2010 — 2012 |
Chiang, David |
N/AActivity Code Description: No activity code was retrieved: click on the grant title for more information |
Eager: Phylo: Phylogenetic Reconstruction of Textual Histories @ University of Southern California
This project, supported by an EArly-concept Grant for Exploratory Research (EAGER), is developing computational models of how manuscripts of premodern texts changed over time due to copying with errors, intentional editing, and translation into different languages. The purpose of these models is to reconstruct the original texts and to better understand the forces that shaped them. We are building on work applying ideas from computational evolutionary biology to the task, but the main focus of the project is to explore whether cutting-edge ideas from computational linguistics and natural language processing are better suited for modeling the evolution of natural-language texts. In particular we are exploring the use of techniques from nonprojective dependency parsing to model the tree of relationships among manuscripts and statistical machine translation to model the relationship between pairs of manuscripts.

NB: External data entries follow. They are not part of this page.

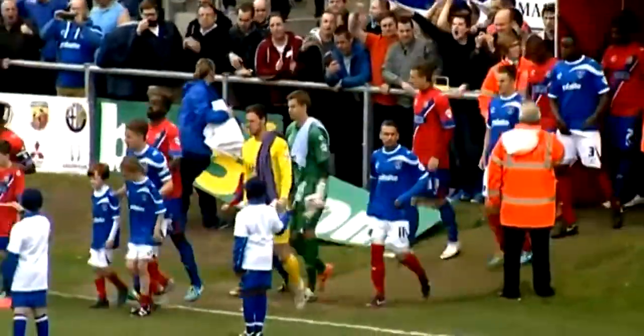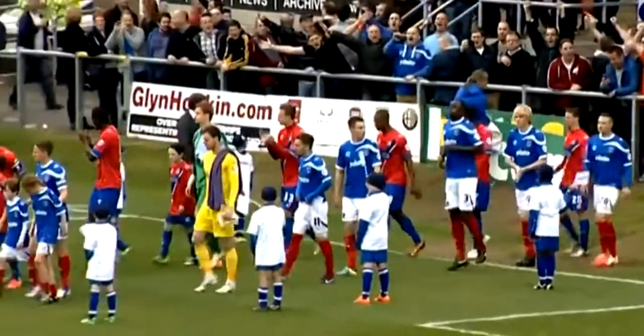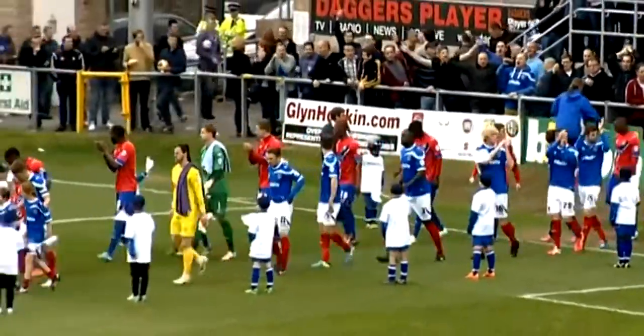Dagenham have drawn five in the last nine league games as they push for a place in the playoffs. Portsmouth visit having won the last two league games, both under Andy Orfin.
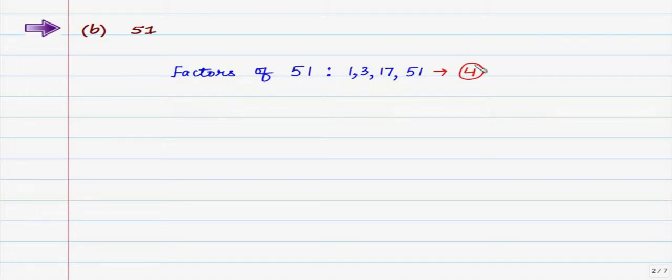From our key point, a prime number can only have factors of 1 and itself. But here we can see that apart from 1 and 51, there are two more factors — 3 and 17 — so 51 is definitely not a prime number.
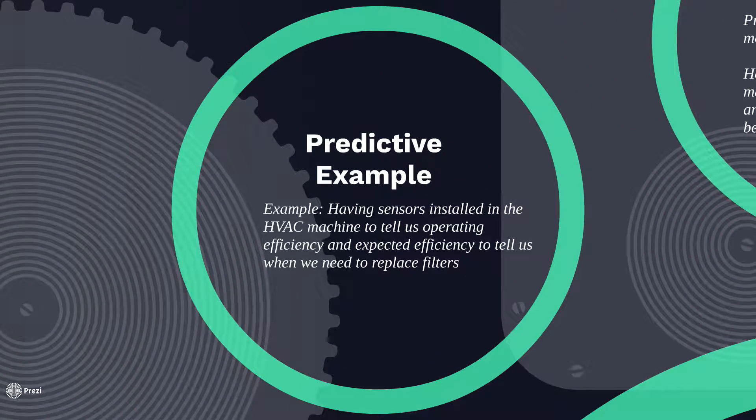Let's see an example of predictive maintenance. Going back to that HVAC, we've got sensors installed in this HVAC machine telling us the operating efficiency and also the expected efficiency that could tell us when we need to replace those filters. So over time, those filters become clogged. And if we have sensors in this HVAC machine that tell us the operating efficiency, we can see exactly when it becomes more cost-beneficial to replace those filters.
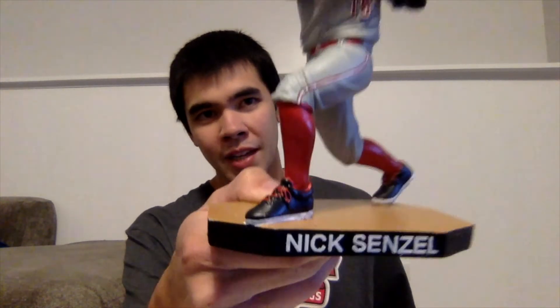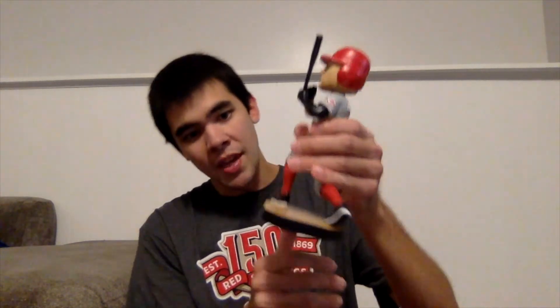Let me put the bat in his hand. As you can tell, it's a jumbo Nick Senzel bobblehead. It's in the gray road uniform, has his name in white letters on the black base.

The tools that result from the project will be made publicly available in order to foster cross-disciplinary research. These tools will enable scholars of ancient and medieval literature to use our models to analyze collections of manuscripts that may not have been possible to analyze by hand before. The techniques explored will shed light on computationally hard learning and search problems such as those that frequently arise in natural language processing.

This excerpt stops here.